Exercise description: Your answer must restate each entry below word for word, with no pictures in it.

(Data supplied begins)

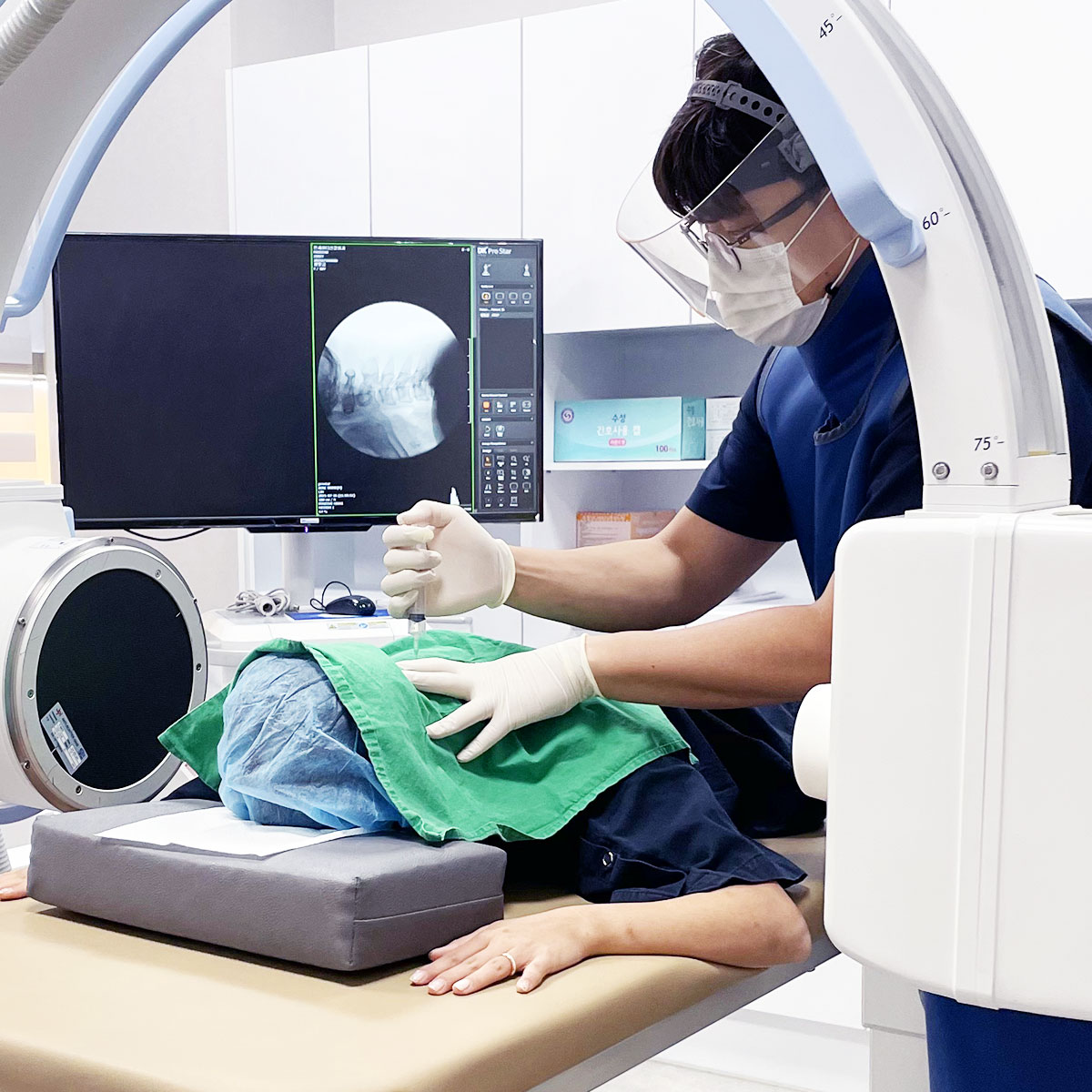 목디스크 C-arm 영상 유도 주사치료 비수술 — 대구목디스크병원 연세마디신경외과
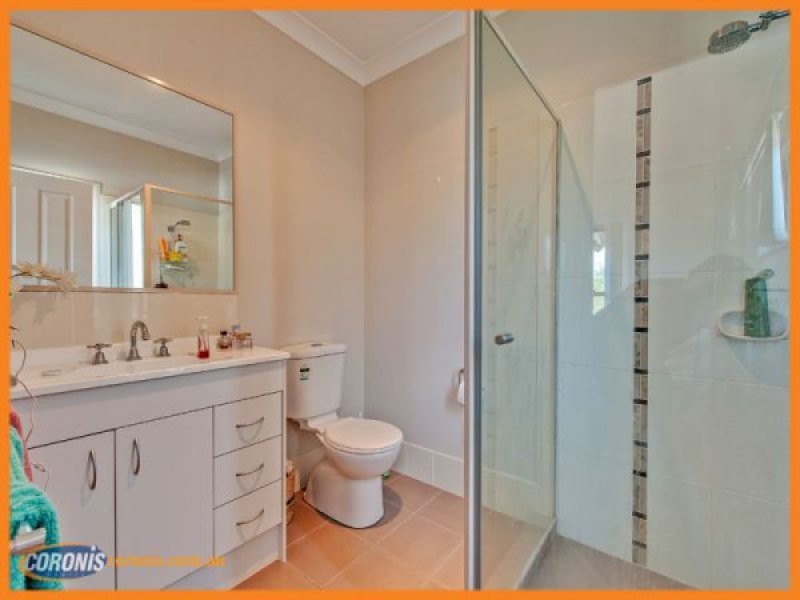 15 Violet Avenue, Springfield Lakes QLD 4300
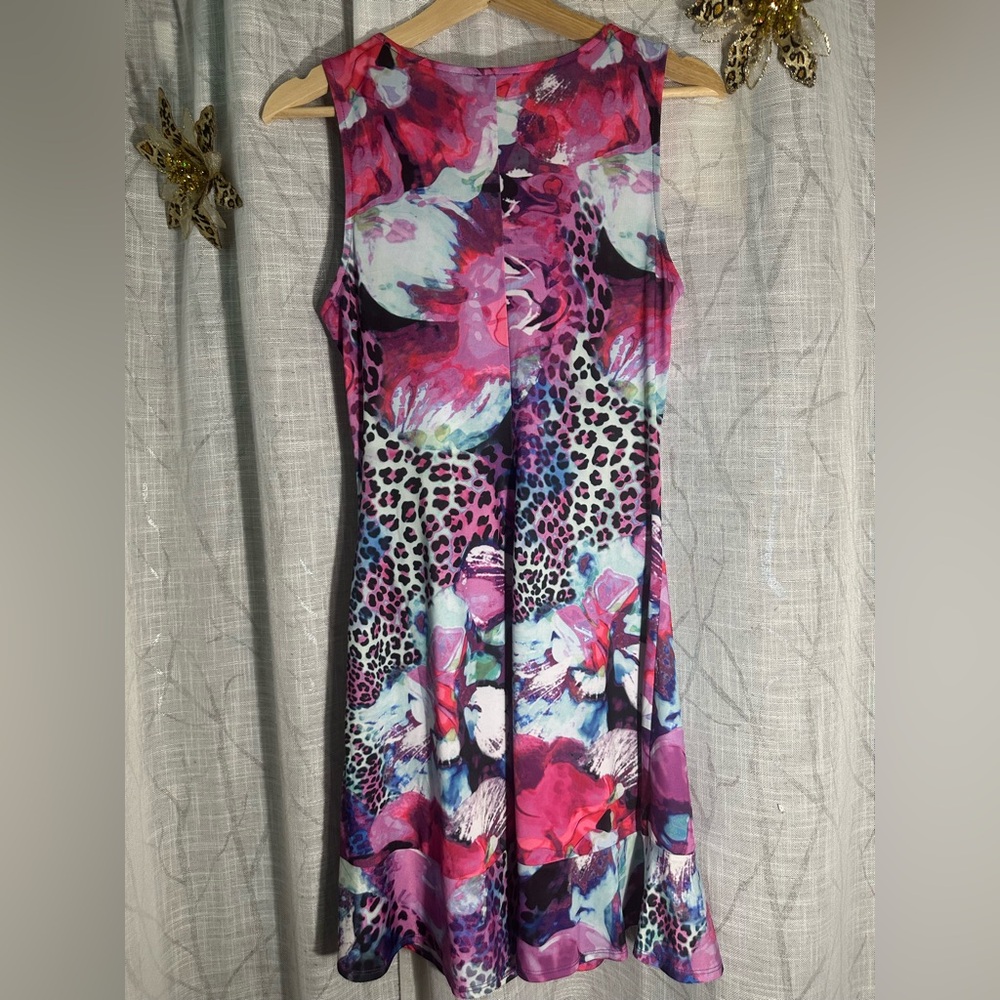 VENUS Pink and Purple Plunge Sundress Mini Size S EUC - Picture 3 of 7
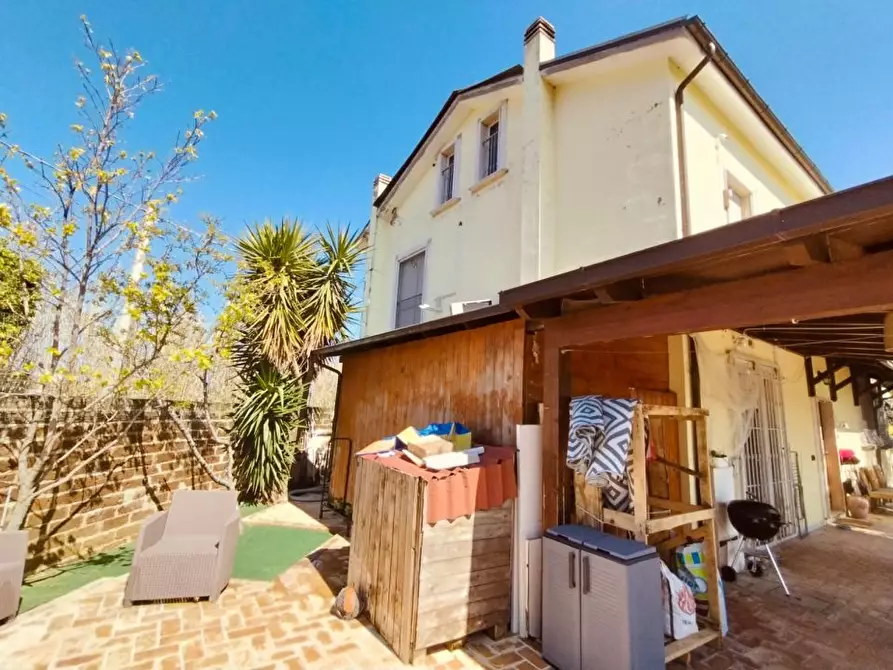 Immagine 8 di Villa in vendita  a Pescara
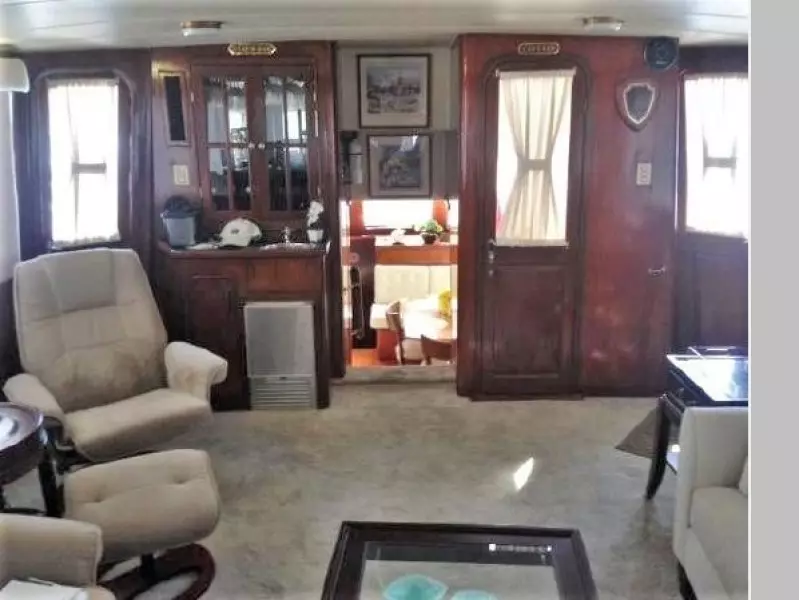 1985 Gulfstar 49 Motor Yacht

(Data supplied ends)

Problem solution:
 목디스크 C-arm 영상 유도 주사치료 비수술 — 대구목디스크병원 연세마디신경외과
 15 Violet Avenue, Springfield Lakes QLD 4300
 VENUS Pink and Purple Plunge Sundress Mini Size S EUC - Picture 3 of 7
 Immagine 8 di Villa in vendita  a Pescara
 1985 Gulfstar 49 Motor Yacht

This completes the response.